Replace numbers with letters.
Remove special characters.

Execution

python3 preProcessQuestions.py -quora data/quora_duplicate_questions.tsv -results data/question_pairs.csv

Parameters

Parameter	Description	Required	Default Value
input	Raw data set path	true	--
results	Results data set path	true	--

Samples generation

This process, besides generating the necessary question pair samples used by the main process, calculates the distance for each question pair. This is useful for two reasons:

The distance for each individual technique is later compared to the main process output.
The exact same samples generated by this process will be used by the main process. This will enable a fair comparison between methods.

Execution

python3 computeDistance.py -t bow -q data/question_pairs.csv

Parameters

Parameter	Description	Required	Default Value
t	Comparison technique. choices=['bow', 'tfidf', 'gtfidf', 'w2v', 'ft', 'sem']	true	--
q	Question pair data set path.	true	--
w	Number of parallel processes	false	8
b	Batch size. Number of question pairs distances calculated and written in one batch.	false	100000
k	Total runs number.	false	--
n	Questions subset size that will be processed.	false	0 -> All the questions
results_path	Path where the result files will be saved.	false	--
previous	Previous results file path (to resume an unfinished experiment).	false	--
sample	Path to sample file (if not provided, creates a new sample)	false	--
sample_file_name	First part of the sample file name (the string _runnumber.csv will be appended)	false	--

Main Process

This process is the main one of this method is based on three steps:

Similarity matrix calculation for each of the underlying similarity algorithms.
The generation of a partition set using k-medoids clustering technique.
The construction of a co-association matrix from clustering labels.

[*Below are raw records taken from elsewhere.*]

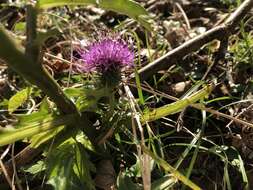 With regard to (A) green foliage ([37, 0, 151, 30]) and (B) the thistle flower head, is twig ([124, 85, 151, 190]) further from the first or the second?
(A) green foliage ([37, 0, 151, 30])

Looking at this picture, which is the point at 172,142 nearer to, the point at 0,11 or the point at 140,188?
the point at 140,188

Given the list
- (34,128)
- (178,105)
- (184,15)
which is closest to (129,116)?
(178,105)

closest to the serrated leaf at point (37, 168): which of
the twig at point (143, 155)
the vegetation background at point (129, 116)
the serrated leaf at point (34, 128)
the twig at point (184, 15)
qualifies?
the vegetation background at point (129, 116)

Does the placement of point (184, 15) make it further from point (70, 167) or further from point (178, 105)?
point (70, 167)

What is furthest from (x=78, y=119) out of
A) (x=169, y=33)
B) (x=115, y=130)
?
(x=169, y=33)

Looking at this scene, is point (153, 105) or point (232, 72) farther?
point (232, 72)

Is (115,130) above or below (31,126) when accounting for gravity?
below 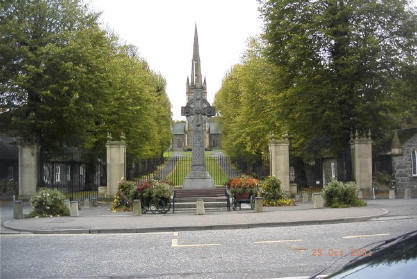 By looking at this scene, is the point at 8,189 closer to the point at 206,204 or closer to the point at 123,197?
the point at 123,197

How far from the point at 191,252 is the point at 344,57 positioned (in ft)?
65.6

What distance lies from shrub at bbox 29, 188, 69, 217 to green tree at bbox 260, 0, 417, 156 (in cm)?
1561

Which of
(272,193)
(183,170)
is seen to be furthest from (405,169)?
(183,170)

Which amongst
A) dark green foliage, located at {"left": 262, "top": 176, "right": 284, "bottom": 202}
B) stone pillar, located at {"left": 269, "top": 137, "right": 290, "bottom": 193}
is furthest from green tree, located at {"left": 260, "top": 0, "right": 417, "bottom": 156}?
dark green foliage, located at {"left": 262, "top": 176, "right": 284, "bottom": 202}

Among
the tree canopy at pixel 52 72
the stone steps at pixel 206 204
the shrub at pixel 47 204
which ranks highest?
the tree canopy at pixel 52 72

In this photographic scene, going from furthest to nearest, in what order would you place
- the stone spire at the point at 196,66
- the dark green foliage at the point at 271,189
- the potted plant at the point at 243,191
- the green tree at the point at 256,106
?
the green tree at the point at 256,106
the stone spire at the point at 196,66
the dark green foliage at the point at 271,189
the potted plant at the point at 243,191

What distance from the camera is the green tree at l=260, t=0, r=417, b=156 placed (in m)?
26.0

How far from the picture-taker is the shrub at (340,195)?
736 inches

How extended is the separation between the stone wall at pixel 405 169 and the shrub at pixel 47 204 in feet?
76.5

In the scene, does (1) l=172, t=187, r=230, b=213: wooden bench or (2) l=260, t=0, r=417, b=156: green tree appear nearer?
(1) l=172, t=187, r=230, b=213: wooden bench

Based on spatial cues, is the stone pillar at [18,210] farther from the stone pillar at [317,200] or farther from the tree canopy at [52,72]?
the stone pillar at [317,200]

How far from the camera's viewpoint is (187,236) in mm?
11898

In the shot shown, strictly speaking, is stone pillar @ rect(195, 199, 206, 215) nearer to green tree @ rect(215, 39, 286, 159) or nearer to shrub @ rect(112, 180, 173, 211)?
shrub @ rect(112, 180, 173, 211)

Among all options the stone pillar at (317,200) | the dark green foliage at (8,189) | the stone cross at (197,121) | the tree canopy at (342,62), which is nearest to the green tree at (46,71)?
the dark green foliage at (8,189) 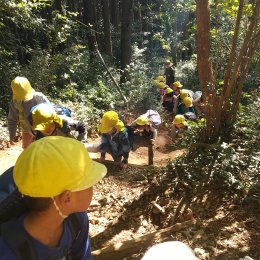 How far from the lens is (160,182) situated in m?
5.26

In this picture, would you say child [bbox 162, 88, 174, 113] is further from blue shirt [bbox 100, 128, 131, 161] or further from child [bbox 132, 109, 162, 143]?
blue shirt [bbox 100, 128, 131, 161]

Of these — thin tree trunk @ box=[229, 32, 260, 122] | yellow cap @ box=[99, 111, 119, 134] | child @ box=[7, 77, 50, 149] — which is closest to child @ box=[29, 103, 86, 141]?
child @ box=[7, 77, 50, 149]

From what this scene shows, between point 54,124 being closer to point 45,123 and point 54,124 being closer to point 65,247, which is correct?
point 45,123

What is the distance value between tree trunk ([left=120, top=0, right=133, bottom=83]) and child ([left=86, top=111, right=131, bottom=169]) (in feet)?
30.9

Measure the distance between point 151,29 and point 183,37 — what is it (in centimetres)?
351

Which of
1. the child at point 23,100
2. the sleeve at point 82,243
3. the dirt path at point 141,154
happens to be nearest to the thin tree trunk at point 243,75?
the dirt path at point 141,154

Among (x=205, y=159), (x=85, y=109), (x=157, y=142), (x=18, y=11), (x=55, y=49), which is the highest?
(x=18, y=11)

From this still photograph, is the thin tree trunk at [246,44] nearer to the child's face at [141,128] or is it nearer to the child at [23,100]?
the child's face at [141,128]

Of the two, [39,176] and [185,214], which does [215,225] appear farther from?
[39,176]

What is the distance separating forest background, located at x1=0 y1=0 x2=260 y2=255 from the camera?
5121mm

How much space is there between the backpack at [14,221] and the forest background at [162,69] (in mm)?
3236

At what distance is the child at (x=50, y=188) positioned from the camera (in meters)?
1.61

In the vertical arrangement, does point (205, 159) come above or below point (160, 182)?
above

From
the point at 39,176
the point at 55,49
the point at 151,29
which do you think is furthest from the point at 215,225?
the point at 151,29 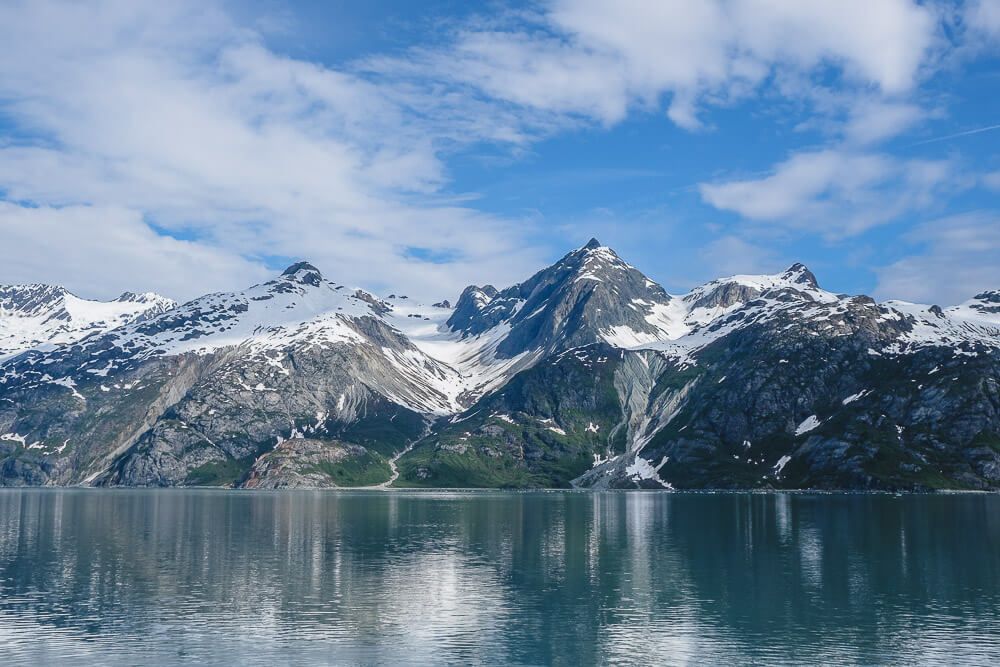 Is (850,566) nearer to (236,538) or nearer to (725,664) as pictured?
(725,664)

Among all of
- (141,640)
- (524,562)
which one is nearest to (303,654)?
(141,640)

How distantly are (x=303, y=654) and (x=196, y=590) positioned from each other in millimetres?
37499

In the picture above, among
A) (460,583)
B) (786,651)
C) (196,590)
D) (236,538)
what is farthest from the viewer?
(236,538)

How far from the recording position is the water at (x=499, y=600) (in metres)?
79.6

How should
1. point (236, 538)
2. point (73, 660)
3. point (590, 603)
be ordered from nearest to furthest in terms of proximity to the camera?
point (73, 660)
point (590, 603)
point (236, 538)

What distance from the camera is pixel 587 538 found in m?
175

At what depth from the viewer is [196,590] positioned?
359 feet

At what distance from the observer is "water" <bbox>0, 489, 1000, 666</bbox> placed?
79562 millimetres

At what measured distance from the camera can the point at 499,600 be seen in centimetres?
10462

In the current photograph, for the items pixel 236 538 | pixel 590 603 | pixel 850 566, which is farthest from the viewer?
pixel 236 538

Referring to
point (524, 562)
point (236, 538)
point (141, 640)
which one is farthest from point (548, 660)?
point (236, 538)

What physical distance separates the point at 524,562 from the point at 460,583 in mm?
22274

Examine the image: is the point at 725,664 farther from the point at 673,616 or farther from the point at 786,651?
the point at 673,616

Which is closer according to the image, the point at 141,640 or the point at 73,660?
the point at 73,660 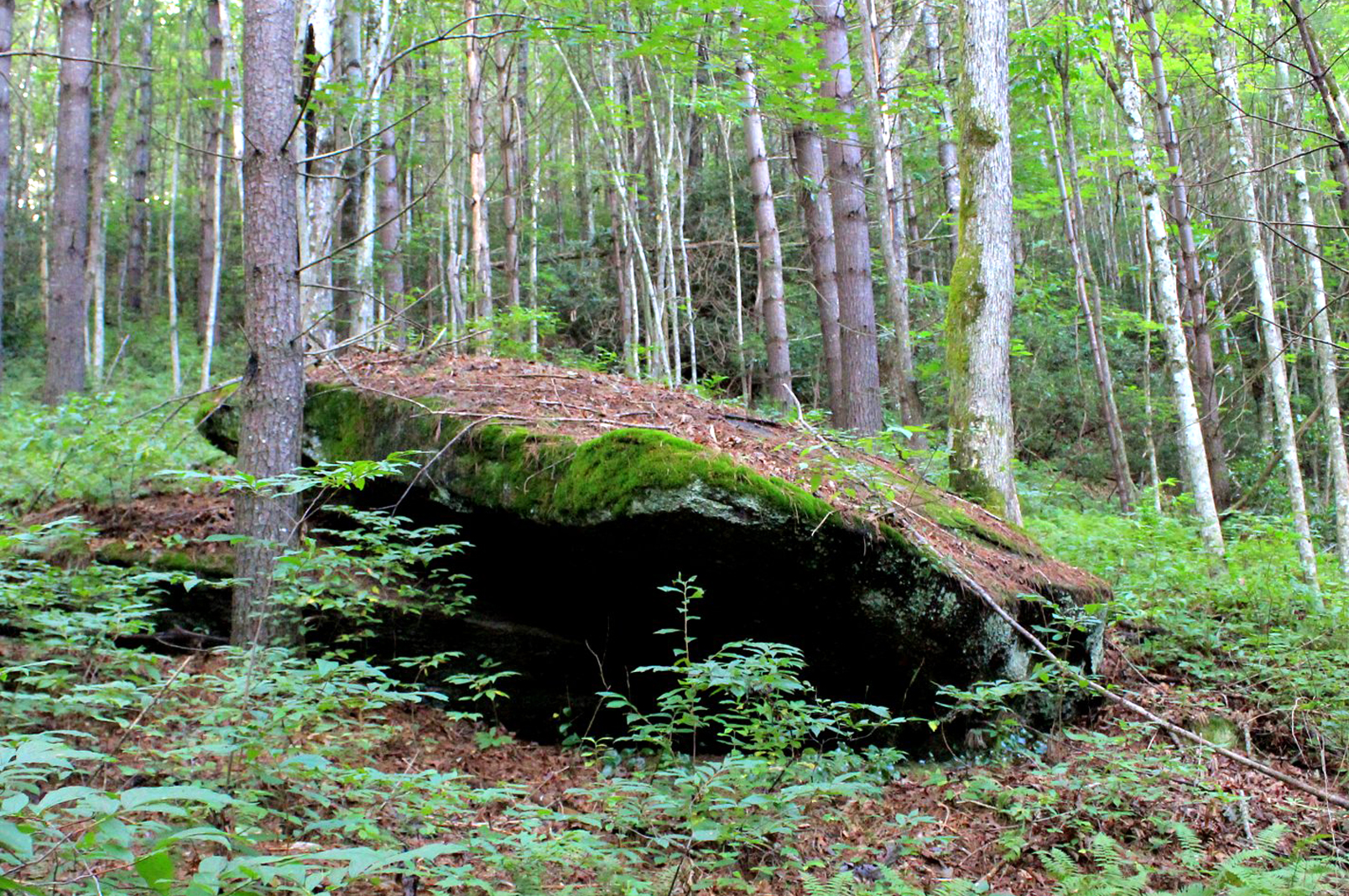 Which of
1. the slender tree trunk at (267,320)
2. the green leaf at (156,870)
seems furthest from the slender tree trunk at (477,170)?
the green leaf at (156,870)

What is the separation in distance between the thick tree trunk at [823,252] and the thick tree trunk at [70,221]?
1040 cm

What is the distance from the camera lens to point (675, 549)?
450cm

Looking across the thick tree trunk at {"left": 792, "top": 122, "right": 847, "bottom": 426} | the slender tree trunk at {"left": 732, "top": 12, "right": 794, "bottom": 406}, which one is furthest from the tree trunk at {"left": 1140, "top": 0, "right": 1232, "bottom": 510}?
the slender tree trunk at {"left": 732, "top": 12, "right": 794, "bottom": 406}

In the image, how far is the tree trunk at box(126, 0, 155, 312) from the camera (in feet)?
71.3

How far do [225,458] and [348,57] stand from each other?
6592mm

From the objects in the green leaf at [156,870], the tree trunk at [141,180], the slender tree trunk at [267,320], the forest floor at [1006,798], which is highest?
the tree trunk at [141,180]

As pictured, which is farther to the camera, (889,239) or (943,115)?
(943,115)

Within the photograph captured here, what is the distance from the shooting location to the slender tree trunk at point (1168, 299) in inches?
310

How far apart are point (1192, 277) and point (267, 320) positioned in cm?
915

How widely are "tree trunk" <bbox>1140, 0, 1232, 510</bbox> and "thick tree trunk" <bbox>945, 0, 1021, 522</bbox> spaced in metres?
2.33

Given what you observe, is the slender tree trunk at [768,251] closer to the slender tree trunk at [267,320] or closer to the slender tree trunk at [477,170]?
the slender tree trunk at [477,170]

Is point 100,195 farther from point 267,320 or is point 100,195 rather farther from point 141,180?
point 267,320

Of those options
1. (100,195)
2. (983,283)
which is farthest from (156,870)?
(100,195)

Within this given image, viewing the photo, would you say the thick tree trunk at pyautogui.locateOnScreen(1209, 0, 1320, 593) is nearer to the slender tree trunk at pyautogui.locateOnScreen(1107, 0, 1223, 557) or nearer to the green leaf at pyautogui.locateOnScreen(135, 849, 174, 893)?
the slender tree trunk at pyautogui.locateOnScreen(1107, 0, 1223, 557) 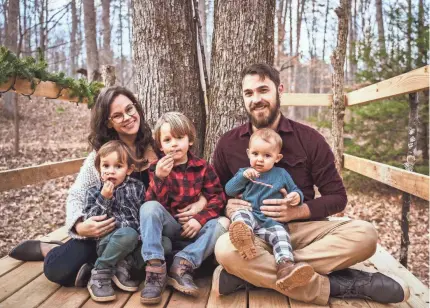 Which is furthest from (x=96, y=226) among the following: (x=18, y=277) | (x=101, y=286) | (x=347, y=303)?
(x=347, y=303)

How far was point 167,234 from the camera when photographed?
2646mm

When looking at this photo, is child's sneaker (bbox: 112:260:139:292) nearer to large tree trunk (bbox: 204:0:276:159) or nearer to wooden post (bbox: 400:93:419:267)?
large tree trunk (bbox: 204:0:276:159)

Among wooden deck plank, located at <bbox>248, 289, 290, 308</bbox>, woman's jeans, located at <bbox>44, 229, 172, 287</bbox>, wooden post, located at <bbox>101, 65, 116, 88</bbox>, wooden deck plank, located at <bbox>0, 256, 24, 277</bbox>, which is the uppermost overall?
wooden post, located at <bbox>101, 65, 116, 88</bbox>

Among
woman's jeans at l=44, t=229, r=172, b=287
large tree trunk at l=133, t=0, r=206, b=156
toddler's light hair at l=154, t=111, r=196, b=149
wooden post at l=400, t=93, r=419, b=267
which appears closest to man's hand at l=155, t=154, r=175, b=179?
toddler's light hair at l=154, t=111, r=196, b=149

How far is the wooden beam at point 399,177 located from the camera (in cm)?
268

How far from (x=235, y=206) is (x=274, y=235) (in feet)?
1.23

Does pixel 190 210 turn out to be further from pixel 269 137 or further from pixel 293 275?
pixel 293 275

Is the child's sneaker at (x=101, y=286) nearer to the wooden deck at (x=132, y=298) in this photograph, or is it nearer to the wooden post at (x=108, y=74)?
the wooden deck at (x=132, y=298)

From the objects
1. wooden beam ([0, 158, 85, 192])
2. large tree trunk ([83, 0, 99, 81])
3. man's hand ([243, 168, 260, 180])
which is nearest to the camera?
man's hand ([243, 168, 260, 180])

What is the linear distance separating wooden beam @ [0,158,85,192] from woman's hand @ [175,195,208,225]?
145cm

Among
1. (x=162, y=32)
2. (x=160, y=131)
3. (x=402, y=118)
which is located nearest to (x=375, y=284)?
(x=160, y=131)

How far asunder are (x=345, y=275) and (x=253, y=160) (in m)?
0.94

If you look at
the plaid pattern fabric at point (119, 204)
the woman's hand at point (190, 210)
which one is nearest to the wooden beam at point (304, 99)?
the woman's hand at point (190, 210)

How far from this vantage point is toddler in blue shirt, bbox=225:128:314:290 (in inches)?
92.2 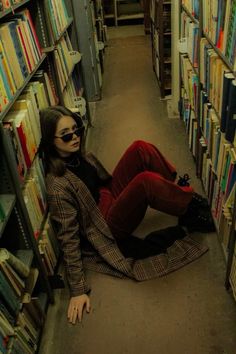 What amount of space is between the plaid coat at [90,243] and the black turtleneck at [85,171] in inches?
2.1

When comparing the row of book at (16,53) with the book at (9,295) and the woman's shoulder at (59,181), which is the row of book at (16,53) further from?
the book at (9,295)

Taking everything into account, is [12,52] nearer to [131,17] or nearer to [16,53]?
[16,53]

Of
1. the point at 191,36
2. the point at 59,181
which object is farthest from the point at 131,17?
the point at 59,181

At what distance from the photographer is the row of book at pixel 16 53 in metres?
1.24

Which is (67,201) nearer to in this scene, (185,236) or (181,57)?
(185,236)

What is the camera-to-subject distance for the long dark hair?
4.92 feet

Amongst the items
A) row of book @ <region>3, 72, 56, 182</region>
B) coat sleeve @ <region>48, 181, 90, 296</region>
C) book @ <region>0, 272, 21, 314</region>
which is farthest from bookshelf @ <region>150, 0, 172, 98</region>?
book @ <region>0, 272, 21, 314</region>

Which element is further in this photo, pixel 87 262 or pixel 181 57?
pixel 181 57

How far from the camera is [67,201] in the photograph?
1.51m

The script that performs the aforementioned steps is clusterEnsemble.py.

Execution

python3 /Users/ftesone/dev/big_data_text_similarity/clusterEnsemble.py -techniques bow,tfidf,w2v,ft,sem -questions_path "/Users/ftesone/Documents/Tesis/experiments/ensembles/inputs/w2v/100_10" -results_path "/Users/ftesone/Documents/Tesis/experiments/ensembles/results" -sample_size 100 -samples_number 10 -k 5 -clustering_runs 100 -in_progress_experiment_path "" -calc_distances_enabled -clustering_enabled -ensemble_enabled

Parameters

Parameter	Description	Required	Default Value
techniques	Comma-separated list of techniques. Full list: bow,gtfidf,w2v,ft,sem.	true	--
questions_path	Path where the input sample data set of CQA question pairs is located.	true	--
sample_size	Sample size. It's useful for build the input path and some data set generation.	false	0
samples_number	Numbers of samples that are going to be taken by the current experiment.	false	1
results_path	Path where the result files will be saved.	false	--
k	Number of clusters (medoids).	true	1
clustering_runs	Number of k-medoids clustering runs.	false	1
in_progress_experiment_path	If null, creates a new folder for the results.	false	False
calc_distances_enabled	Enabled step 1.**	false	False
clustering_enabled	Enabled step 2.**	false	False
ensemble_enabled	Enabled step 3.**	false	False
start_from_sample_num	Sample number to start from, in case samples_number > 1.	false	1

** These parameters are used if the parameter in_progress_experiment_path is set. For instance, is it possibe to re-use the similarity matrices from another execution and change the number of clusters, to generate a different output. For instance

-in_progress_experiment_path "samples_size_100_count_10_k_20_runs_100_202006070134" -clustering_enabled -ensemble_enabled

Results

This process will generate a folder for each experiment, to be able to organize several experiments with different parameters throughout the whole investigation process.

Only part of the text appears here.